En mars 2011, l'OMC avait jugé certaines de ces aides illégales. L'UE avait fait appel de ce jugement, considéré trop clément, et ce sont ces conclusions qui ont été transmises mercredi, mais de manière "confidentielle" aux deux parties, selon des sources proches du dossier.
Le rapport confidentiel sera rendu public ultérieurement, une fois que les parties intéressées auront déposé leurs remarques respectives.
Dans une première réaction, le porte-parole du Commissaire européen chargé du commerce international, a indiqué que "ce jugement, lorsqu'il sera rendu public, nous donnera une idée claire de la position de chaque partie dans ce conflit sur le transport aérien".
Le porte-parole a encore répété la position européenne, selon laquelle seules des négociations au plus haut niveau politique pourront débloquer la situation.
De son côté, le porte-parole du constructeur Boeing avait déclaré lundi à l'AFP qu'il était "risible" que les Européens veuillent négocier avec les Etats-Unis, alors que l'UE ne s'est pas mise en conformité selon lui, avec une décision de l'OMC lui demandant de démanteler ses aides à Airbus.
Boeing faisait référence à un jugement l'an dernier de l'OMC sur une plainte du constructeur américain contre Airbus, demandant à l'UE de démanteler ses aides à son constructeur.

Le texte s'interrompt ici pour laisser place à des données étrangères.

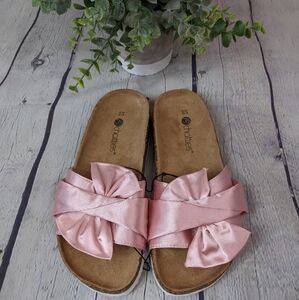Chatties Pink Satin Bow Slip On Sandals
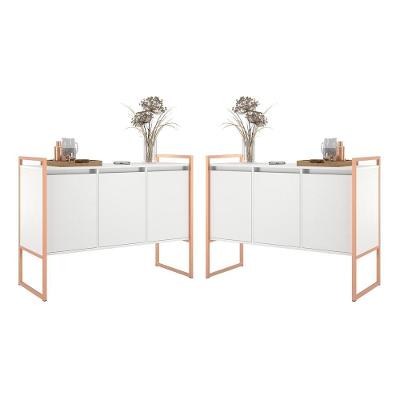 Buffet 3 Portas Rouxe Branco Cobre Conjunto 2 Unidades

L'UE a présenté en décembre 2011 son plan de démantèlement, mais Washington l'a estimé insuffisant et évoqué des sanctions contre Airbus.
Airbus et son éternel rival Boeing s'affrontent depuis octobre 2004 sur ce dossier des aides et subventions devant l'OMC par le biais de leurs autorités respectives.
Boeing a ouvert les hostilités en portant plainte contre Airbus en 2004. Puis Airbus a porté plainte contre Boeing.
Dans le dossier de la plainte d'Airbus contre Boeing, les juges de l'OMC ont estimé le 31 mars 2011 en première instance que certaines de ces aides américaines à Boeing constituaient des subventions contraires aux règles du commerce mondial.
Les juges les avaient chiffrées à "au moins 5,3 milliards de dollars" pour la période 1989-2006.
Bien qu'estimant avoir remporté une victoire, l'UE avait fait appel de cette décision dès le lendemain, car Airbus estime le préjudice commercial à 45 milliards de dollars.
Dans le dossier de la plainte de Boeing contre Airbus, qui date de 2004, l'OMC avait publié le 18 mai 2011 la décision d'appel, qui reconnaît que certaines aides européennes au lancement de plusieurs modèles d'Airbus avaient causé du tort à son rival Boeing. Mais l'OMC avait rejeté certaines parties d'un premier jugement très sévère rendu en juin 2010.
"Toute cette procédure a été lancée parce que l'Union européenne n'a pas voulu négocier avec les Etats-Unis", a encore rappelé lundi le porte-parole de Boeing, soulignant qu'avant le lancement d'une plainte à l'OMC par les Etats-Unis, "Airbus avait refusé de donner mandat à l'UE pour négocier" avec la partie adverse. "Les Etats-Unis n'avaient d'autre option que de se tourner vers l'Organisation mondiale du commerce", a-t-il insisté.
Boeing accuse notamment l'UE de continuer à subventionner Airbus à hauteur de 18 milliards de dollars, malgré une décision de l'OMC l'an dernier jugeant ces aides illégales.
Pour Boeing, il n'est pas question de négocier avec l'UE et Airbus, et le règlement de ce conflit ne peut se faire que par "le respect des jugements de l'OMC" et des "règles commerciales".